# Squirrel Hunting



## Fishindude (May 19, 2015)

Always enjoy a little August squirrel hunting with .22 rifle to kick off the annual hunting seasons. Shot two a couple days ago and another this morning, deboned them all and going to make a squirrel shepherds pie.


----------



## rbelfield (Mar 30, 2015)

Fishindude said:


> Always enjoy a little August squirrel hunting with .22 rifle to kick off the annual hunting seasons. Shot two a couple days ago and another this morning, deboned them all and going to make a squirrel shepherds pie.

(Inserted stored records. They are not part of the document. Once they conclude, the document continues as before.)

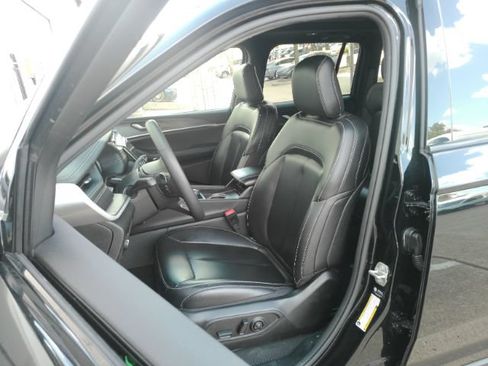 Used 2024 Jeep Grand Cherokee Limited 4xe AWD/4WD image 6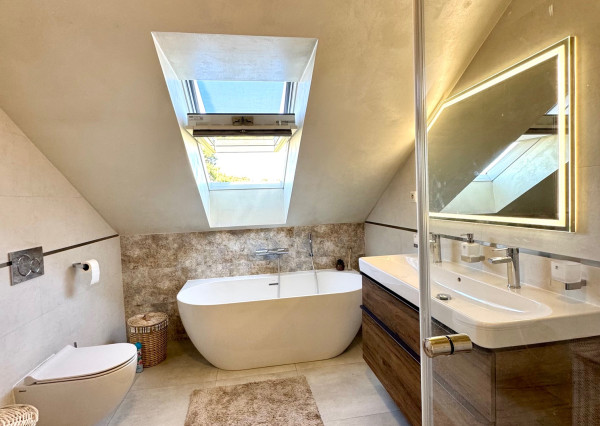 Prenájom krásny 3 izbový byt, terasa, Staré mesto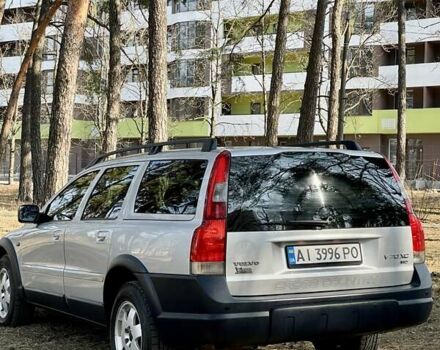 Серый Вольво В70, объемом двигателя 2.4 л и пробегом 416 тыс. км за 6800 $, фото 3 на Automoto.ua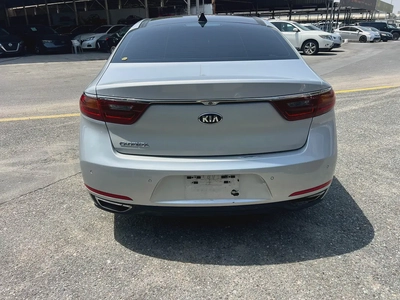 2017 Kia Cadenza SXL American Specs - Premium Luxury Sedan-6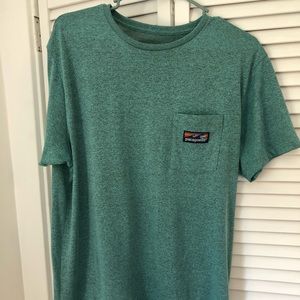 Patagonia slim fit Hybrid Pocket Tee - mens large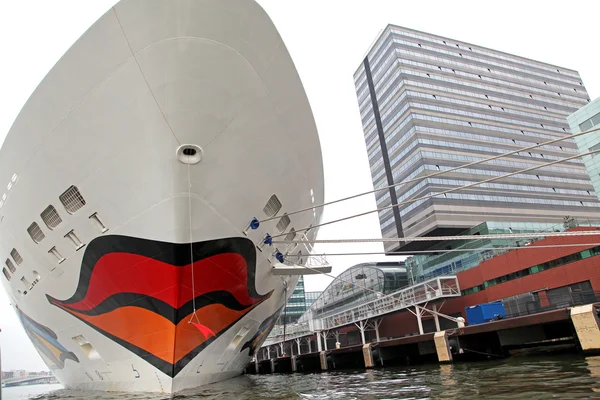 Cruiseskip AIDAsol i Amsterdam havn, Nederland – stockfoto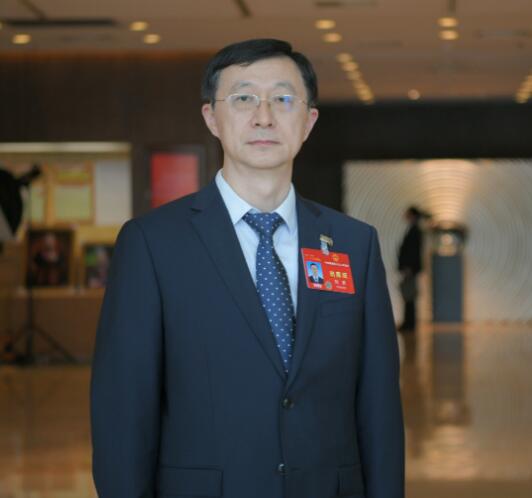 【兩會好聲音】國網(wǎng)江西省公司總經(jīng)理、黨委副書記劉勇：建設(shè)數(shù)智化堅強電網(wǎng)，更好保障能源安全、服務(wù)“雙碳”目標(biāo)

Yum!!! Squirrel is my favorite meat. I fry it like chicken and have boiled potatoes and milk gravy with it..


----------



## Danaus29 (Sep 12, 2005)

Season here doesn't start until September 1st. I should start setting food out now to bring them in. I got rid of a bunch in the spring because they were raiding the feeders so much. There's only a couple hanging around now since I rearranged the feeders.


----------



## Adirondackian (Sep 26, 2021)

Starts in September here. One of my favorite bow hunting game. Take them with blunt tips.


----------



## muleskinner2 (Oct 7, 2007)

I haven't eaten squirrel in a long time, but they do make for good target practice for my .44 mag or .45 super.


----------



## GREENCOUNTYPETE (Jul 25, 2006)

9/17 is opener here , no august small game


----------



## JRHill02 (Jun 20, 2020)

We don't make much fuss with squirrel fixin's. Cleaned and skinned, the DW just simmers them with appropriate spices (the DW is a pro with spices) for the use until the meat falls apart and the bones can be pick out with a fork in a minute. Then into a sauce or shell, etc. Easy and Mmmm good and our version of organic! We are doing low carb these days so noodles, my favorite, are out.

Its always squirrel season here. We don't take the western grays as they are protected and, besides, they are beautiful. There's plenty of others.


----------



## Micheal (Jan 28, 2009)

Adirondackian said:


> Starts in September here. One of my favorite bow hunting game. Take them with blunt tips.


Opening Sept 1 in NY for those who care....... Personally I use a 22, cause using a bow I couldn't hit the barn while standing on the roof....


----------



## Danaus29 (Sep 12, 2005)

Visions of popping a squirrel with a ball bearing fired from a slingshot are playing through my head. While it would be satisfying to get one like that, I don't want to have to run a magnet through the yard to pick up all the ball bearings I would have to use to get my aim perfected.


----------



## Adirondackian (Sep 26, 2021)

Micheal said:


> Opening Sept 1 in NY for those who care....... Personally I use a 22, cause using a bow I couldn't hit the barn while standing on the roof....


Bow is kind of my thing, but chances of me taking more than one or two for the season are still pretty low.


----------



## JRHill02 (Jun 20, 2020)

"Come here often?"


----------